▸ The problem
Without including the pictures, copy out every line below.

▸ Provided data
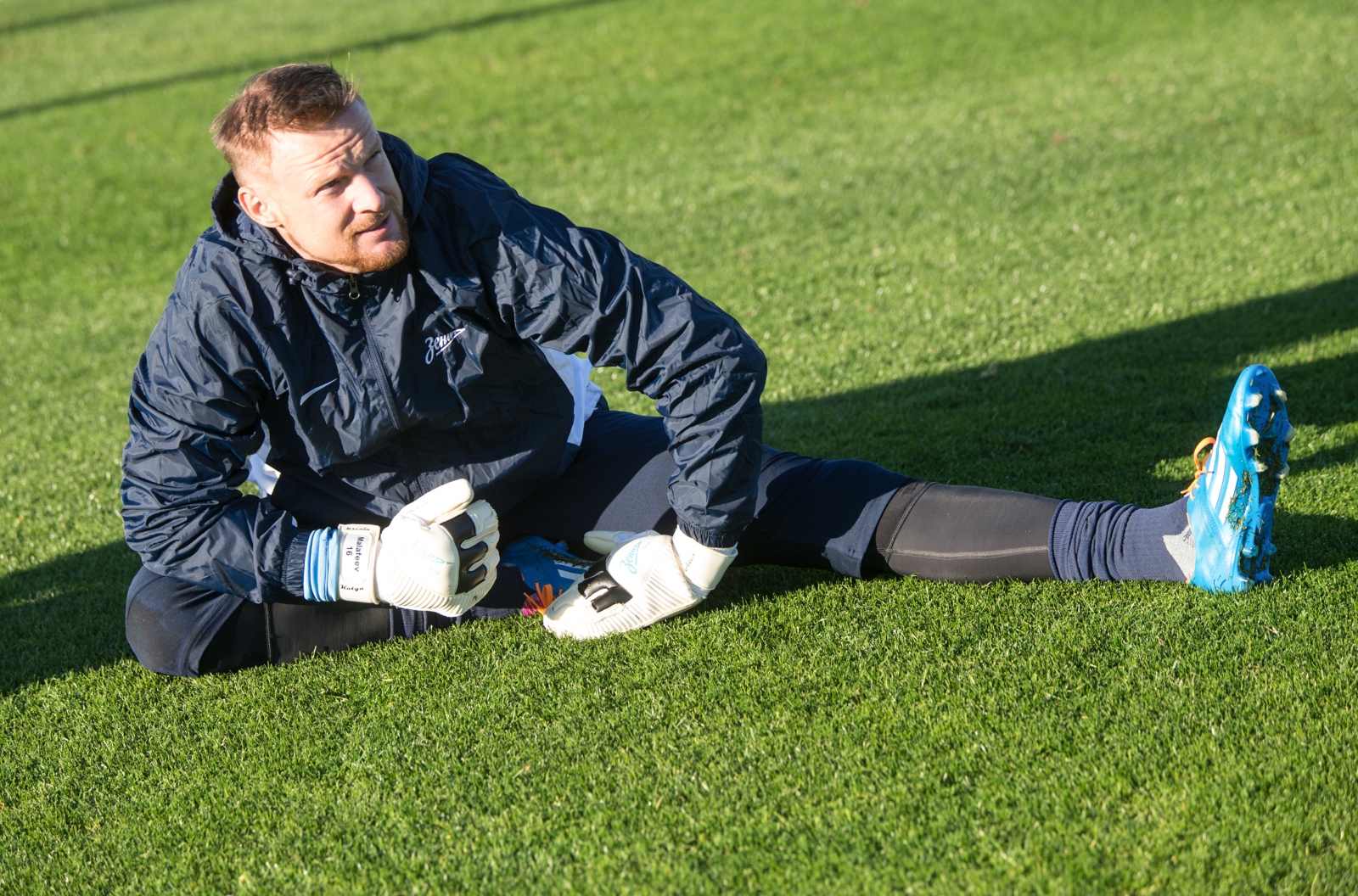 Сборы в Испании: 5 февраля, вечерняя тренировка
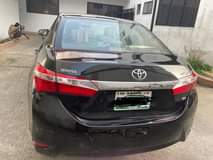 A picture of 2015 toyota corolla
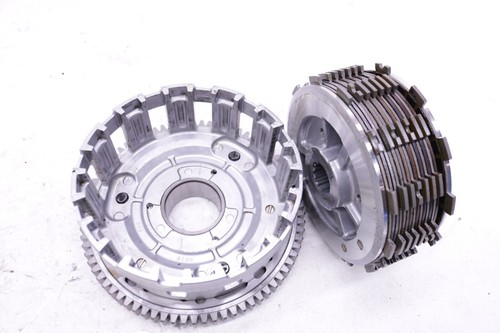 2021 18-21 Kawasaki Ninja ZX6R 636 600 FABRICANTE DE EQUIPOS ORIGINALES CESTA DE DISCO JUEGO M99 - Imagen 7 de 9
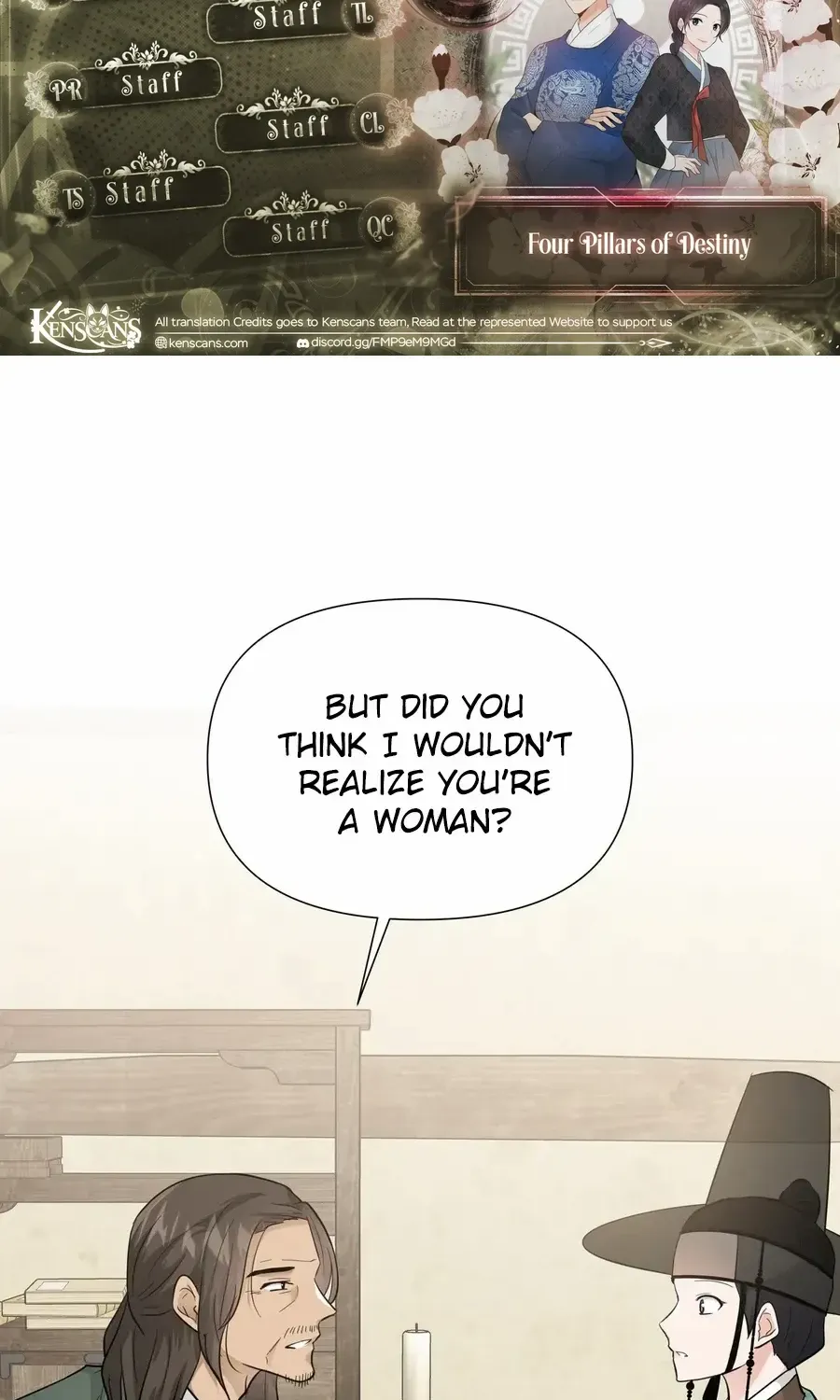 Four Pillars of Destiny Chapter 11 page 2 - 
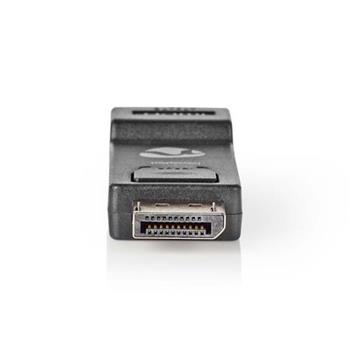 Nedis CCGB37915BK - DisplayPort  HDMI Adaptr | DisplayPort Zstrka - HDMI Zstrka | ern barva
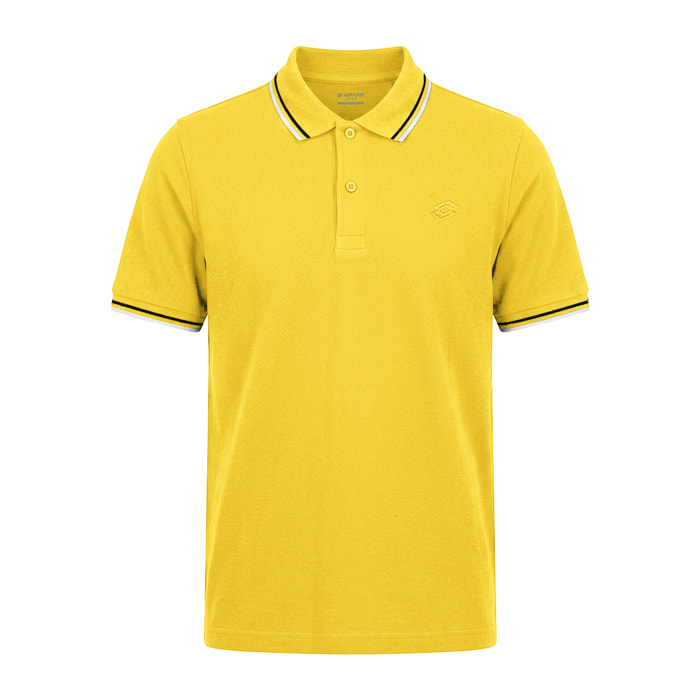 Polo Uomo LOTTO Manica Corta Cotone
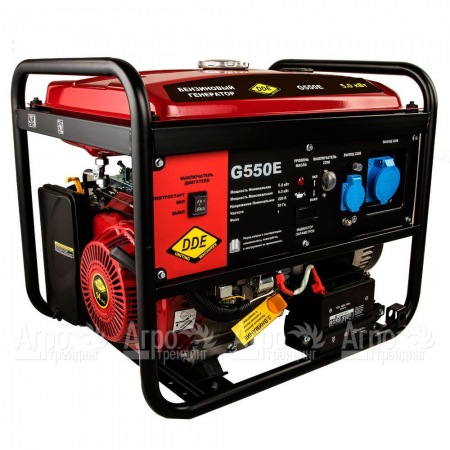 Бензогенератор DDE G550E 5 кВт в Москве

▸ Written solution
 Сборы в Испании: 5 февраля, вечерняя тренировка
 A picture of 2015 toyota corolla
 2021 18-21 Kawasaki Ninja ZX6R 636 600 FABRICANTE DE EQUIPOS ORIGINALES CESTA DE DISCO JUEGO M99 - Imagen 7 de 9
 Four Pillars of Destiny Chapter 11 page 2 - 
 Nedis CCGB37915BK - DisplayPort  HDMI Adaptr | DisplayPort Zstrka - HDMI Zstrka | ern barva
 Polo Uomo LOTTO Manica Corta Cotone
 Бензогенератор DDE G550E 5 кВт в Москве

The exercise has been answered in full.